Volume XII: Sermons Preached at St Paul's Cathedral
Volume Editor: Mary Ann Lund
John Donne’s biographer R. C. Bald remarked that ‘the year 1626 was an unusually busy one for Donne in the pulpit, and more of his sermons survive for this year than for any other’. As this volume of The Oxford Edition of the Sermons of John Donne reveals, the year was even more busy and productive than Bald realised. After a long absence from the St Paul’s Cathedral pulpit caused by the 1625 plague epidemic, Donne embarked on an intensive period of preaching. The volume contains nine sermons delivered in the cathedral in the first six months of 1626. Five of these are undated in Potter and Simpson’s edition; this new edition assigns them to the first half of 1626 and lays out the large amount of evidence from the texts that supports this identification. Thus the volume will give a fresh and much more detailed picture of Donne’s preaching activities in the period. It shows Donne engaging closely and directly with political and doctrinal debate, a feature that Peter McCullough has already identified in his court preaching of this period. It also highlights the level and nature of Donne’s pastoral commitment to his cathedral congregation. His surviving sermons from that venue are far more numerous than the few he was required to preach annually as dean and prebend. Of the nine in this volume, seven are from series: the first four are from an eight-sermon group on Psalm 32, while three more are on the same verse from 1 Corinthians. Even the Whitsunday sermon in this volume is the second on that text (the first features in Volume XI), and Donne was also preaching his prebend sermons in 1626-27. Sermon series allowed him to explicate matters of doctrine and to address theological controversies in depth, often over a long time-span. Little attention has been paid to them in modern scholarship, and this volume will cast important new light on their place in Donne’s clerical career and in cathedral worship.

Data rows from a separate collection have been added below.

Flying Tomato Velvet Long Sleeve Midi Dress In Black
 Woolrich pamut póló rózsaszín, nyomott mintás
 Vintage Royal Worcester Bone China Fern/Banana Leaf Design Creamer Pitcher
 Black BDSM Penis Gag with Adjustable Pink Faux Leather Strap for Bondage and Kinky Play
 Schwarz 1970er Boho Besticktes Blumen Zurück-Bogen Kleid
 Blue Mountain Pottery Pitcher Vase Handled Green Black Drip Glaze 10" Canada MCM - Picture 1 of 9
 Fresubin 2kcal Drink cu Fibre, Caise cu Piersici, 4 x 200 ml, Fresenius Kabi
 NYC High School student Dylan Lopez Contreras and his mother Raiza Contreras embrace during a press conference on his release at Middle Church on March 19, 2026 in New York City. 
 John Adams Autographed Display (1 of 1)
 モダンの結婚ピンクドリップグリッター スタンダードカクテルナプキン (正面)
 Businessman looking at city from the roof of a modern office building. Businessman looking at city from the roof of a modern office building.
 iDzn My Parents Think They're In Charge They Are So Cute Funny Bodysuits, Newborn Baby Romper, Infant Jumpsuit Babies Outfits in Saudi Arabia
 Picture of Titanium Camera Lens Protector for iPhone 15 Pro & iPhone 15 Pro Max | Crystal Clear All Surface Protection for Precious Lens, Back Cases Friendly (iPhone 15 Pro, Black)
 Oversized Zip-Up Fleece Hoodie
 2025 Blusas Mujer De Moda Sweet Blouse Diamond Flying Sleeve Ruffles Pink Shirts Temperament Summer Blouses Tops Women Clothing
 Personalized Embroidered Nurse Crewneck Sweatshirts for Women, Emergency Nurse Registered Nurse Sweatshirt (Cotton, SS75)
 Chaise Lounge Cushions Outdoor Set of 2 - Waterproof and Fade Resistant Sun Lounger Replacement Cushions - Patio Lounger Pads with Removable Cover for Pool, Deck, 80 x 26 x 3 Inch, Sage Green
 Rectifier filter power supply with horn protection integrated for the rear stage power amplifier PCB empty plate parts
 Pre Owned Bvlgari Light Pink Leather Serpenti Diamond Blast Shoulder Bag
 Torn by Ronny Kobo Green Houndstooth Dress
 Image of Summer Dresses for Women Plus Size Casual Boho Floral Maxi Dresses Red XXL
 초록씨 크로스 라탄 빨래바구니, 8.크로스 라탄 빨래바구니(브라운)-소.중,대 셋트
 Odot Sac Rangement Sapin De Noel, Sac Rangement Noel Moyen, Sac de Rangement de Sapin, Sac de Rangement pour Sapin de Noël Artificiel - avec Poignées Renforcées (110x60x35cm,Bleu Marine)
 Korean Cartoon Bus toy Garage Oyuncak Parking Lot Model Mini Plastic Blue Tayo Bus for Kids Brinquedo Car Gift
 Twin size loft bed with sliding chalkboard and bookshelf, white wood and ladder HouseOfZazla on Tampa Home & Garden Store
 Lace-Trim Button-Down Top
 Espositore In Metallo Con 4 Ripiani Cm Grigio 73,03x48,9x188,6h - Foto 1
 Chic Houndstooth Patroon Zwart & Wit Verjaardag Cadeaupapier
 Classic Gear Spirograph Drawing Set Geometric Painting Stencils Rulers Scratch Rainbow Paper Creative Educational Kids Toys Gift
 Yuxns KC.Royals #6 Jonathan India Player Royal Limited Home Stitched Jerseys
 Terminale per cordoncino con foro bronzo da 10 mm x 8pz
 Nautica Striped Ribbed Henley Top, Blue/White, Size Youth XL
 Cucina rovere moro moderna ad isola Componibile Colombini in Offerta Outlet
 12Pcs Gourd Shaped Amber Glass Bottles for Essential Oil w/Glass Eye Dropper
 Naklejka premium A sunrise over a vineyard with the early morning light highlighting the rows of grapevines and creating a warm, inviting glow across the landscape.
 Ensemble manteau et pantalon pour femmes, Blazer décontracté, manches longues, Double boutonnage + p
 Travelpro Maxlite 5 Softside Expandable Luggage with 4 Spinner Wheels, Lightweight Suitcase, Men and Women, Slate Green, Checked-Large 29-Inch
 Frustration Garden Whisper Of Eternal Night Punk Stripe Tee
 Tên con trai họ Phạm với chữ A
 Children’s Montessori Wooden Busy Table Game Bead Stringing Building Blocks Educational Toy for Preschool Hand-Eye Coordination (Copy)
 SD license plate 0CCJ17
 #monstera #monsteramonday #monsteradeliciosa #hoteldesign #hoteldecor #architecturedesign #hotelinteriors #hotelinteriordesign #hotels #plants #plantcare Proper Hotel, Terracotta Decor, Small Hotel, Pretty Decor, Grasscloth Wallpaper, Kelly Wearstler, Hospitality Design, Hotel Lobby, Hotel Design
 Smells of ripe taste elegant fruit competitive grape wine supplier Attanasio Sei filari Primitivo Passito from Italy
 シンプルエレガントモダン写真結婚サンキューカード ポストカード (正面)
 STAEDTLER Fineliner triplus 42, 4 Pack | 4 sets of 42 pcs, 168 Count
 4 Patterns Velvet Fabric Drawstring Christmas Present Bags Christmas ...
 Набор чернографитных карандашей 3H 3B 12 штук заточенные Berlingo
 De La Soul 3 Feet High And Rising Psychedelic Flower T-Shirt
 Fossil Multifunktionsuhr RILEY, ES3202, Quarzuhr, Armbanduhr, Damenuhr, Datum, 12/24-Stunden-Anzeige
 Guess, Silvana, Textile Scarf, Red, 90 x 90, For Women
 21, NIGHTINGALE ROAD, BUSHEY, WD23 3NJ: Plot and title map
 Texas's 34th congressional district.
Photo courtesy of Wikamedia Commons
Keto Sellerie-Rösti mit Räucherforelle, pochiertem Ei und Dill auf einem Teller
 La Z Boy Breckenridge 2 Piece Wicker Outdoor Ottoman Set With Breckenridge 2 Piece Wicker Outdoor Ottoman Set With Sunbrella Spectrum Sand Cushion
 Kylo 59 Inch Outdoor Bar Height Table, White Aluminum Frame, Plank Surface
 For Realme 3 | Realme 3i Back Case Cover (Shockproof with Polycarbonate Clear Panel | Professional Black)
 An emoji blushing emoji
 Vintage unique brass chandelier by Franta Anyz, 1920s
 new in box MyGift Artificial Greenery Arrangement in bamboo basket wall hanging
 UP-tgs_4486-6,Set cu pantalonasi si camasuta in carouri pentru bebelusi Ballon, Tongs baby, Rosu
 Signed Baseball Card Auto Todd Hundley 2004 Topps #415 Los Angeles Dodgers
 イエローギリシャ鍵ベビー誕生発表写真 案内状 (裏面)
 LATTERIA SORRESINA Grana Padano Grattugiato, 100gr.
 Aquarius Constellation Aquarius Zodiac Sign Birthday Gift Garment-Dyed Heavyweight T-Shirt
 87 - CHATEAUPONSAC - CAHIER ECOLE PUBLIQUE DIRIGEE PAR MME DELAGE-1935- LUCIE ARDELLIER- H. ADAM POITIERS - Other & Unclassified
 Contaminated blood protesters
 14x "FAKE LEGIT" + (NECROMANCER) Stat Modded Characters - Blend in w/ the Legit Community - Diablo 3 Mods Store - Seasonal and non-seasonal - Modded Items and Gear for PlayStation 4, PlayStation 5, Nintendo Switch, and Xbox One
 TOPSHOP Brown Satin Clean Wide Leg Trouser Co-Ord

By presenting these sermons in the framework of their place of delivery (a governing principle of The Oxford Edition), this volume will be able to pay close attention to the nature of Donne’s auditory. The editors of all the sermons preached at St Paul’s Cathedral will collaborate to gain a better understanding of how public worship functioned at the cathedral. However, it is important to view the sermons in this volume in the particular context of those who heard them in 1626. Charles I’s second parliament sat between February 6th and June 15th, and some of these sermons clearly respond to the issues being debated in that turbulent session. It is highly likely (and it is to be hoped that further research will show) that MPs regularly attended the cathedral during sessions. Hence Donne’s comments about such contentious issues as subsidy and the strong opposition to the Duke of Buckingham (which ended in an attempted impeachment) may be seen as aimed towards those directly involved in them. Convocation met at the same time as Parliament, and Donne acted as its prolocutor in 1626. The sermons on Psalm 32 seem to be in part aimed at other senior clerics; again, it is almost unavoidable that members of convocation, which in that year sat in the chapter house of St Paul’s and in Westminster abbey, were among Donne’s congregation. It is also notable that most of the sermons fall within the dates of the legal terms, which means that members of the Inns of Court would have heard them. This volume will establish more precisely the types of people who attended St Paul’s cathedral and towards whom the nine sermons are addressed.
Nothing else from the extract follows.